Gene therapy is a great weapon against many neurological conditions, but delivering your payload into the brain is a challenge. A new vector could fix this problem

One of the best methods to deliver any gene therapy is with a viral vector. These are modified viruses that have had the harmful parts taken out, but are still really good at injecting material into cells. We now have a number of different vectors designed for different organs, but the brain is still one of the hardest areas to target with any therapy. This is because of the blood-brain barrier, a selective blood filter which stops things like viruses getting in. 

“One has to drill a hole through skull, then pierce tissue with a needle to the injection site. The deeper the injection, the higher the risk of hemorrhage. With systemic injection, using the bloodstream, none of that damage happens, and the delivery is more uniform”

Sneaking past the barrier

In the past gene therapy strategies for the brain involved an unpleasant injection and drilling a hole through the skull, but scientists at Caltech have now engineered a viral vector that can successfully enter the brain of a mouse and target the nervous system. To do this, they used a modified form of an adeno-associated virus (AAV). AAVs are already common in gene therapy research, because they’re some of the safest vectors around and generally avoid a harmful immune response. 

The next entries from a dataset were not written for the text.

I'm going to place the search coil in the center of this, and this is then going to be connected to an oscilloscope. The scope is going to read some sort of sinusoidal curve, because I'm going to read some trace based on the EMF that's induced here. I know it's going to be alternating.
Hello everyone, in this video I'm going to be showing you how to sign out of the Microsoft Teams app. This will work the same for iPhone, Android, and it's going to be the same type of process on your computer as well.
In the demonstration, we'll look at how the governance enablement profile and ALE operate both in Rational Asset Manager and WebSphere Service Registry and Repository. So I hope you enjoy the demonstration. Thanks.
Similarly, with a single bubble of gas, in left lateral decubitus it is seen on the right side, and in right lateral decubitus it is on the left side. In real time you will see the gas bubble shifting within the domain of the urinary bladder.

“By figuring out a way to get genes across the blood-brain barrier, we are able to deliver them throughout the adult brain with high efficiency”  

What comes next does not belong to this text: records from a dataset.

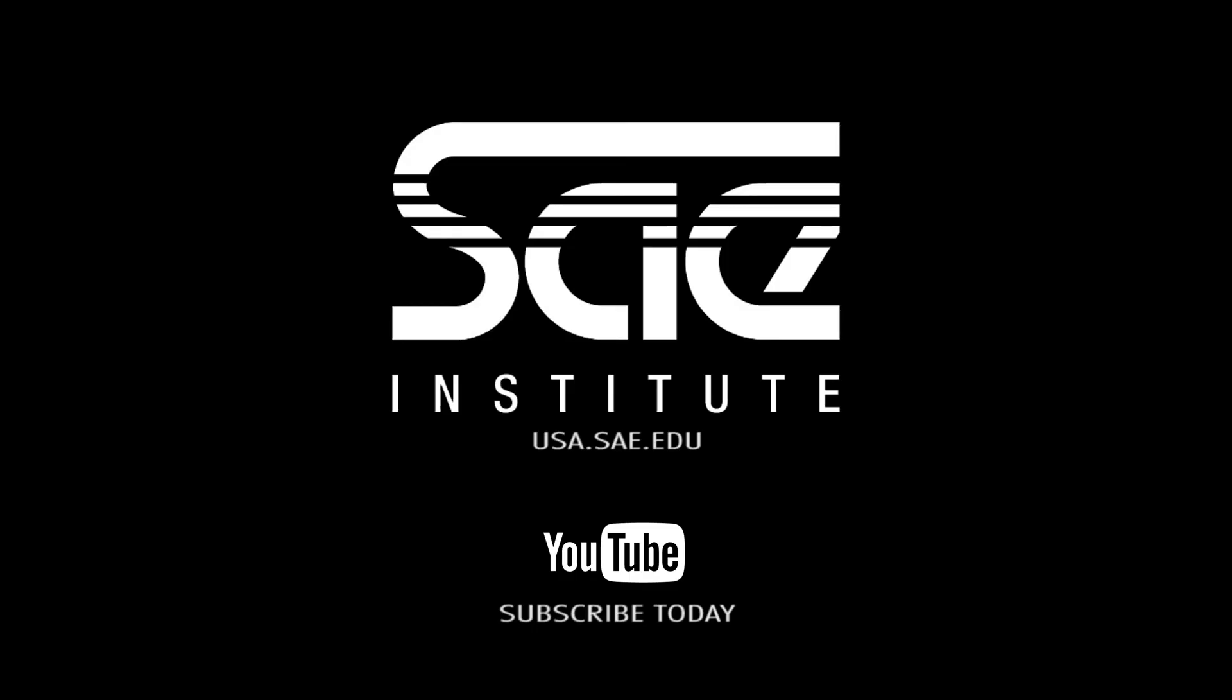Hey guys, this is Maria again. Thank you so much for watching the video about edit window, mix window and transport controls. If you want to watch more videos like this, log into USA.SAE.EDU. Thank you so much for watching.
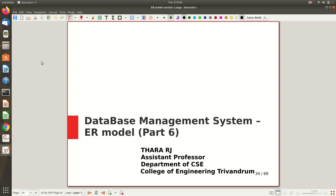Hi all, welcome to the 6th part of the video lecture on ER model. So far we discussed the basic notations like entity, attributes, and different types of attributes, and how these things are represented. That is what we have seen so far.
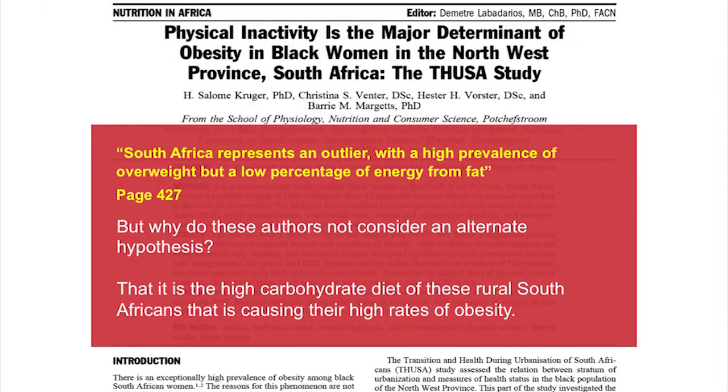They concluded that South Africa represents an outlier with a higher prevalence of overweight but a lower percentage of energy from fat. The obvious conclusion is: shouldn't the authors consider the alternate hypothesis that it's actually the high-carbohydrate diet of these rural South Africans causing their high rates of obesity? As a scientist, when you find something that doesn't fit your model — such as people eating little fat becoming fat — you have a responsibility to examine and try to disprove that alternate hypothesis.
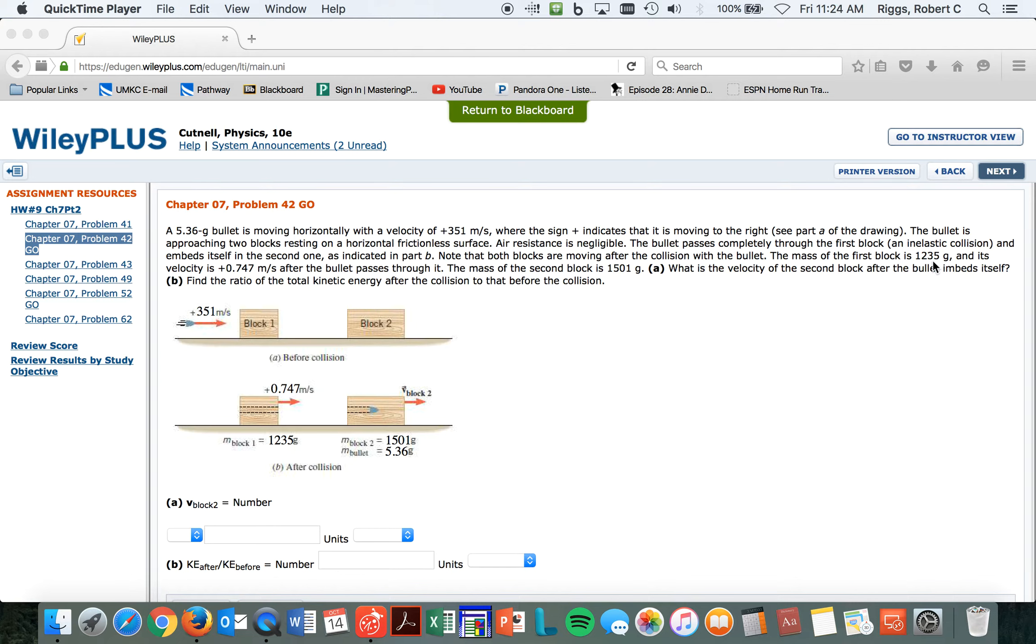I think you can do that because they're being pretty adamant that this is 1501 grams. And whenever you do the momentum before, whenever you're finding the velocities, the mass unit cancels out, so you could leave it the same.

This is the outer capsid structure of AAV2. There are many forms of AAVs which selectively target different tissues

This is the outer capsid structure of AAV2. There are many forms of AAVs which selectively target different tissues

This is a welcome development, as many neural disorders are wide-spread throughout the brain and not localised in one area alone which an injection would target. This type of vector can deliver therapies in a uniform manner to multiple brain regions. 

How did they do it?

In 2009 a strain of AAV called AAV9 proved effective in infant mice but failed in adults. Building on AAV9, they created million of copies of the virus with a slightly altered protein coating. After painstaking testing of these millions of variants,  they stumbled on a form which could better enter the brain and deliver genes most effectively to astrocytes. This was termed AAV-PHP.B

“We could see that AAV-PHP.B was expressed throughout the adult central nervous system with high efficiency in most cell types. What provides most of AAV-PHP.B’s benefit is its increased ability to get through the vasculature into the brain. Once there, many AAVs, including AAV9 are quite good at delivering genes to neurons and glia”

This system obviously needs more research before moving into human trials, but the system the researchers used to find a more efficient viral form could be repeated for many areas of the body.